Hace unos días, Australia dio un paso sin precedentes al prohibir que menores de 16 años tengan acceso a las grandes plataformas de redes sociales. A partir de esta medida, las compañías tecnológicas deben eliminar cuentas de quienes no cumplan esta edad o se expondrán a multas millonarias y sanciones severas.
Este hecho abre un debate en Chile y también en el mundo respecto a un fenómeno mundial: empresas que lucran con el tiempo y la atención de nuestros hijos e hijas, diseñado con algoritmos que priorizan la adicción, la exposición a contenidos dañinos y, en muchos casos, la vulneración de su salud mental y emocional.
En Chile empezamos un debate similar en la discusión del proyecto de ley, que entrará en vigencia desde el próximo año, que prohíbe el uso de celulares en las salas de clases, con algunas excepciones como necesidades de aprendizaje, de salud o emergencias. Esta iniciativa surgió, por una parte, desde los profesores que no podían competir por la atención con un aparato móvil, como también desde los propios estudiantes que, al ser consultados, optaban por dejar los teléfonos fuera.
Pero la discusión de fondo es otra, es sobre la atención de los niños y niñas. Hoy las redes sociales han revolucionado la forma en que nos comunicamos e informamos del mundo y, junto con los beneficios que generan, no podemos olvidar que son modelos de negocio dedicados a aumentar el tiempo en pantalla. Su negocio depende de que todos nosotros estemos más tiempo de nuestro día mirando la pantalla. Por el contrario, todos los estudios científicos demuestran que la exposición prolongada a las pantallas genera consecuencias adversas.
El modelo de negocio, por tanto, se contrapone a la salud mental y emocional de la infancia. Los riesgos son múltiples, la sobreexposición genera ansiedad, deteriora la concentración y desplaza actividades esenciales para el desarrollo, tales como la lectura, el juego, la creatividad y la socialización presencial, además de dejar expuestos a nuestros hijos a riesgos graves, entre ellos el grooming, el ciberacoso y la proliferación de contenido inapropiado para su edad.
La prohibición australiana nos muestra que es posible colocar límites a un mercado que hoy regula, en gran parte, la vida de los más jóvenes. Pero quiero ser clara: mi propuesta no es legislar desde el miedo ni una condena total a la tecnología, sino una invitación a que discutamos cómo son los espacios digitales que hoy existen, sus efectos y tomar decisiones a partir de la evidencia y experiencia para nuestras futuras generaciones. Poner el interés común por delante.
El debate también debe considerar que medidas de este tipo no tienen por qué ser rígidas o absolutas, sino parte de un enfoque más amplio: educación digital en todos los niveles, formación de competencias para el autocuidado en línea y mecanismos reales de supervisión y responsabilidad para las grandes plataformas tecnológicas.
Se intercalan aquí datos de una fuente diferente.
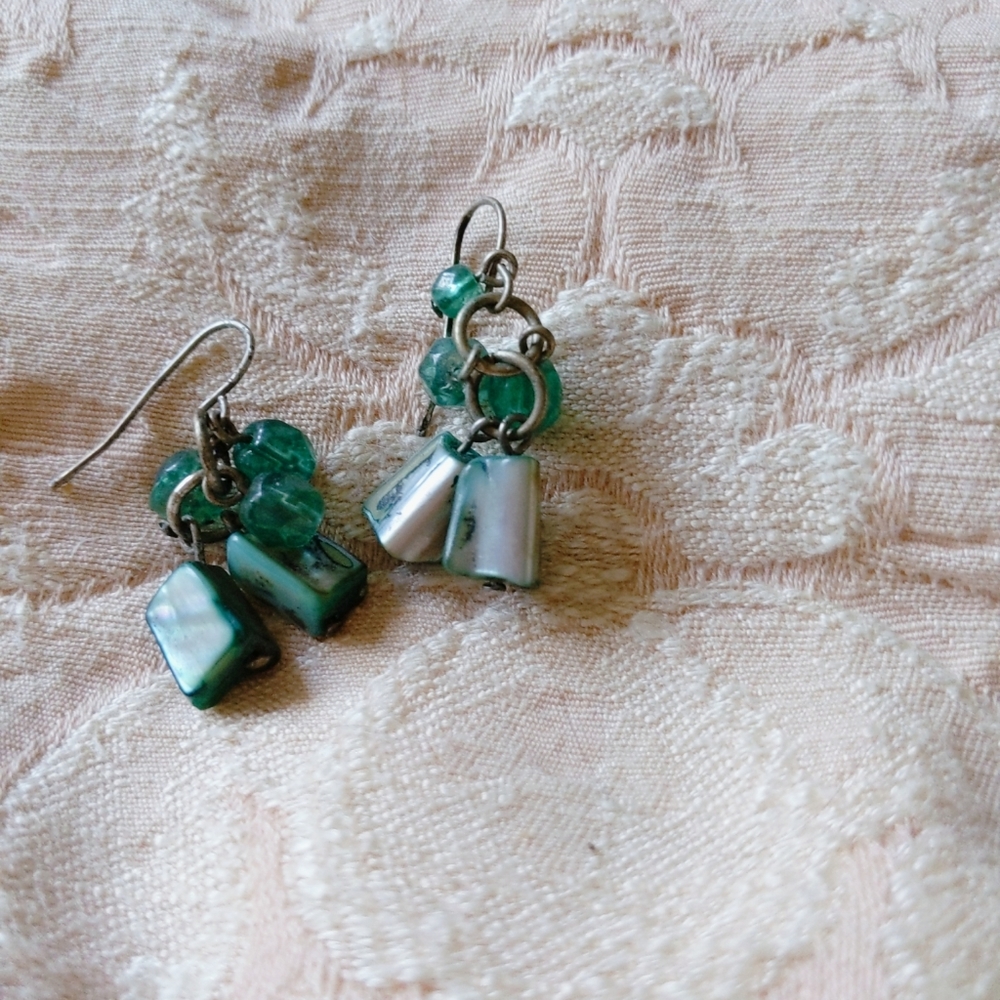 Small dangle earrings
Chile tiene la oportunidad de aprender de experiencias como la australiana, recogiendo sus logros y sus desafíos y adaptándolos a nuestra realidad y contexto. Es hora de poner a los niños y jóvenes antes que los intereses comerciales de las grandes tecnológicas. La tecnología llegó para quedarse, son los desafíos que nos toca enfrentar en este siglo y lo que tenemos claro es que queremos que niños, niñas y adolescentes desarrollen habilidades digitales, pensamiento crítico y autonomía, pero también queremos defender su bienestar, su salud mental, su capacidad de jugar, de conversar, de tener amigas y amigos de verdad.